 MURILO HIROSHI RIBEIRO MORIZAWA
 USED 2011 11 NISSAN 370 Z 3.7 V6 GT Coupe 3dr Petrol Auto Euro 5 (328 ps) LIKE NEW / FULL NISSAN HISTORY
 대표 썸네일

→ Brief
For this exercise, set down the entire listing above exactly as given.

→ Result for this task
 MURILO HIROSHI RIBEIRO MORIZAWA
 USED 2011 11 NISSAN 370 Z 3.7 V6 GT Coupe 3dr Petrol Auto Euro 5 (328 ps) LIKE NEW / FULL NISSAN HISTORY
 대표 썸네일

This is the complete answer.